Ce qui se passe à l’étranger reste à l’étranger, du moins, lorsqu’il est question des voyages des députés. Il est en effet quasi impossible de connaître le détail des coûts des missions parlementaires et des dépenses du président de l’Assemblée nationale, dénoncent une poignée d’actuels et anciens élus.


Seul le coût total de chacune de ces missions payées par les contribuables est public. Il nous a été impossible d’obtenir le fin détail de ce que les élus dépensent, par exemple, des factures de restaurants, d’alcool, d’avion, etc. Or, certains abuseraient, selon nos informations.


«En voyage, Jacques Chagnon [le président de l’Assemblée] paie la traite à tout le monde, c’est aussi pour ça que vous ne trouverez personne pour critiquer ouvertement ces dépenses.»


Cet ancien député qui a requis l’anonymat n’a pas été surpris lorsque notre Bureau d’enquête l’a contacté pour discuter des dépenses du président de l’Assemblée. «Tout le monde le sait, mais personne n’en parle... et personne n’en parle, parce que tout le monde a la main dans la jarre à biscuits», dit celui qui a connu M. Chagnon comme président.


Deux autres sources appuient ses propos quant aux dépenses de M. Chagnon.


Des «bonbons» aux députés


La «jarre à biscuits», ce sont les missions interparlementaires, des voyages de députés payés par l’Assemblée. C’est notamment l’occasion de visiter d’autres parlements, d’échanger ou de faire rayonner le Québec. «C’est une façon de donner un bonbon à un député pour le faire taire», nous confie l’ancien député.


Les élus «aiment le prestige associé à leur fonction. Ils croient que les voyages sont mérités. Ça leur permet de voyager gratuitement», ajoute un actuel député qui a également parlé de ces voyages comme des «bonbons».


Jean-Pierre Charbonneau, qui a été président de l’Assemblée nationale de 1996 à 2002, confirme que ces missions sont perçues comme une «forme de récompense» que les partis accordent à leurs députés.

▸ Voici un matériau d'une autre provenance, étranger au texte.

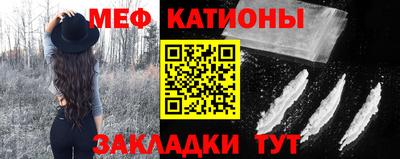 мяу мяу кристалл Заволжье
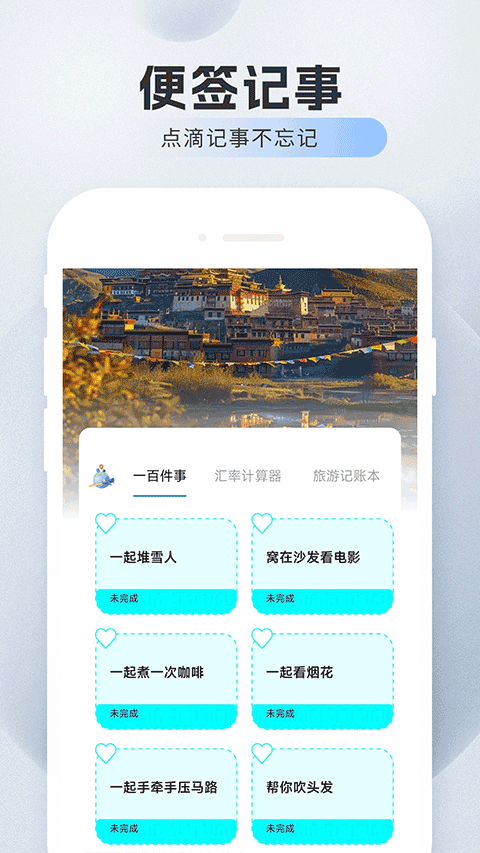 旅航特惠机票app截图3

«Quand tu ronges ton frein sur le banc des joueurs [...], des fois tu trouves une valorisation en allant prendre de l’air à l’étranger. Mais c’est ce qui ternit la réputation de la diplomatie parlementaire», souligne-t-il.


Loi inefficace


Dans le cadre de notre grand dossier sur la transparence, notre Bureau d’enquête a pu constater que lorsqu’il est question de l’Assemblée, la loi d’accès à l’information est particulièrement inefficace.


Pour en savoir plus sur les voyages et les dépenses du président, nous avons approché plusieurs députés et anciens élus. Seuls cinq ont voulu répondre à nos questions et deux ont accepté d’être nommés. Deux autres personnes ayant participé à des missions internationales ont aussi partagé des informations.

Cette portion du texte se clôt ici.